Simply stated, these tracks represent a new paradigm.  I should also add that we need to include Strawberry Fields Forever and Penny Lane on this album.  Minus A Day in the Life, these tracks would make an excellent Side One in whatever order we would choose.  Gentlemen, we are on to something new here.  We’re taking that untraveled high road first referenced in Tomorrow Never Knows and expanding on it greatly.  I’m not quite sure what has gotten into you, particularly you, John.  The lyrics for your songs are astonishing.  The arrangements you and Paul have hummed to me for orchestration, horns and background vocals are wildly inventive, as are the backwards recordings, sound effects, varied tape speeds and creatively miked instruments.  We’ve explored the boundaries of the recording studio as no one has done before, and we’ve brought back results that are not just innovative but are also inspired.

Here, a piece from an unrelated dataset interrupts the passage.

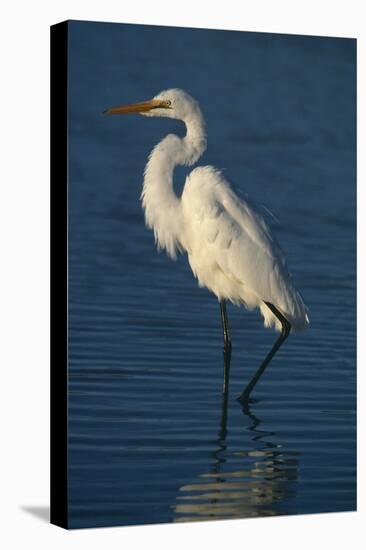 Great Egret Walking in Water-DLILLC-Premier Image Canvas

This means we need to lose Getting Better, Fixing a Hole, She’s Leaving Home, Within You/Without You, When I’m Sixty Four, Lovely Rita, Good Morning, Good Morning and Sgt. Pepper’s Reprise.

Paul, I recognize the enormous risk I’m taking here as most of these are “your” songs.  While we’ve all worked on them and added our individual touches, you brought these songs to the studio and have the clearest vision of how they should sound.  I will give my reasons for each track not reaching the higher level we have been working on routinely the past few months.

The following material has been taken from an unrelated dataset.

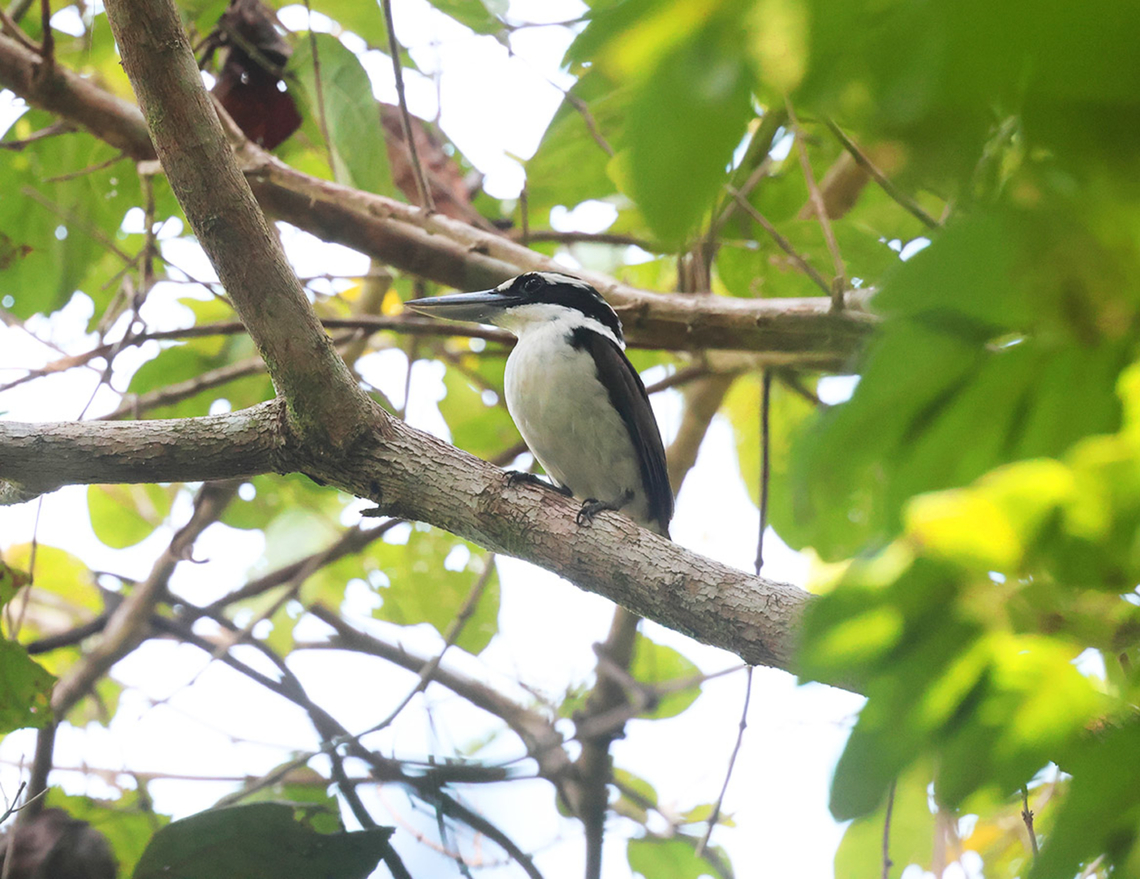 Sombre Kingfisher (Todiramphus funebris)  Birdingindonesia,Geotagged,Halmahera,Indonesia,Mehd Halaouate,Sombre kingfisher,Summer,Todiramphus funebris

Getting Better, Fixing a Hole and Lovely Rita are all good pop songs.  Just that.  Good.  Not incredible.  They hearken back to the sound you were creating on Rubber Soul and refining on Revolver.  Don’t take this the wrong way, but the line in Getting Better about spousal abuse is awkward.  It serves no purpose other than to embarrass you, whether it’s true or just a line you’ve placed in a song.  Fixing a Hole is passable and reasonably “trippy” in that higher context, but it’s just not exceptional.  Sgt. Pepper’s Reprise is superfluous and only serves as filler.  Lovely Rita, I would encourage you to save for a solo project.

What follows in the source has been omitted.